The role that owns canon is closer to a librarian than a brand manager: curates, watches for drift, has the authority to push back when departments contradict each other, treats the canon as a defensible artifact rather than a stylistic preference.

The companies that name and staff this early get a five-year lead on canon quality at scale.

Why agents make this acute

The thing about canon is that the cost of not having it was always real. The cost was paid in hours-per-piece-of-content, in re-litigated decisions about voice, in the bottleneck of "everything customer-facing has to go through these two people, forever."

Agents change the velocity. The same canon failure that used to produce a slightly off-brand blog post once a week now produces ten of them by lunch, all subtly off in slightly different ways, all of them confident.

The volume amplifies the drift. The drift amplifies the volume. The canon failure that was a slow leak becomes a fast one.

And the human content lead — the person who used to patch the canon with judgment and memory — is now editing the agent's output. They can do this for a while. They cannot do it forever, because the volume scales and their judgment does not. The point of bringing in an agent was not to give them a second job.

Your agent cannot know what the company believes if the company cannot say what the company believes. The fix is not at the prompt layer. It is at the canon layer.

Closing

The content-agent problem looks like a model problem. Get a better model. Engineer the prompt. Add few-shot examples.

It is not a model problem. It is an authority problem.

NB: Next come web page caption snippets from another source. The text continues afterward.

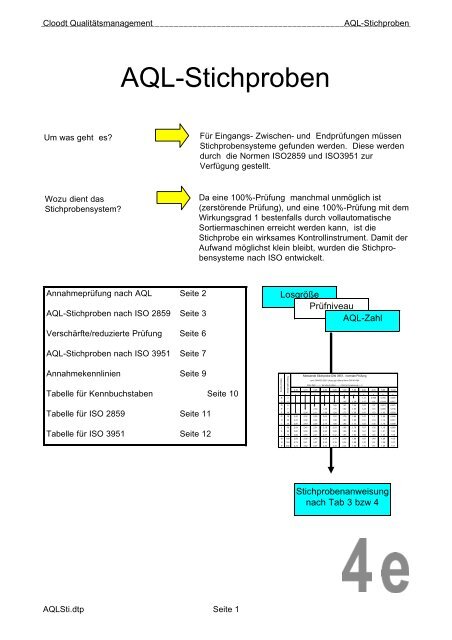 AQL-Stichproben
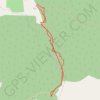 Trace GPS Chanteron-Crête du Colorado provençal, itinéraire, parcours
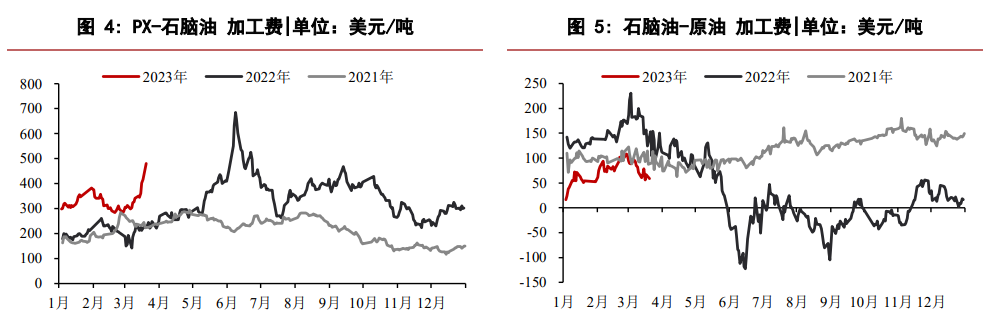 The affiliated company of the related product PTA: Huatai Futures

The agent has no way to know what the company has decided is true — what voice means, what claims are approved, what carve-outs apply, what refusals stand. Most companies cannot give it those answers, because most companies have never written them down.

The fix is not glamorous. It is treating canon as infrastructure. Naming an owner. Versioning the artifacts. Writing down what the founder has been holding in their head for ten years. Five small files, maintained, defended.

Then the agent has a place to read from. And the human content lead stops editing fluent slop into shippable copy ten times a day.

A knowledge base stores information. A canon establishes authority. Build the second.